While providing a metric of the reliability of a prediction is a must for engineers, confronting consumers with p-values, false discovery rates or area-under-the-curve is a clear no go. What is the best strategy to go about it? People of a certain age will remember how any weather forecast longer than a day into the future was just a random guess, and accepted the very fact. Nowadays, some weather websites feature a reliability score. But if an arbitrary ‘34% reliability’ provide more ‘actionable insight’ than the sheer acceptance that predictions are random is unclear.

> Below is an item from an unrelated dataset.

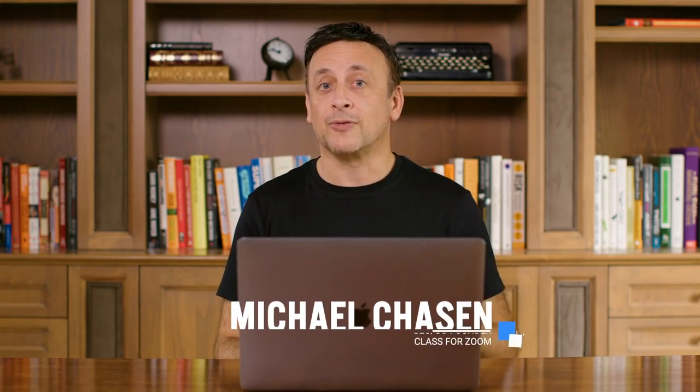My name is Michael Chasen, and I'm the co-founder and CEO of the company behind Class for Zoom. But more importantly, I'm the father of three kids who are all now logging into school from home.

Can we avoid all this trouble by creating vast training facilities for machine learning algorithms in connected products? Likely not. Good machine learning requires lots of training data. Power comes with large numbers. However, most predictions for the Internet of Things are going to be based on the integration of data across different devices. As everyone might have a different combination of devices that should be taken into consideration, and everyone might have a different scope for using the Internet of Things (the ‘What does our user want?’ – think security, fitness, efficiency), providers of machine learning solutions cannot train their methods without the users themselves. We may want to think about large-scale simulations that draw bootstrapped ensembles of virtual devices and try to infer ‘this particular virtual user’s need’, but ultimately this will only lower the number of classes we’re trying to predict — if our features and classification itself are correct, that’s still subject to some sort of (human?) supervision.
My personal conclusion: Coming from the perspective of a machine learning method developer and having experienced bad UX around self-learning devices myself, I cannot provide solutions to the discourse but act as an interpreter between the fields.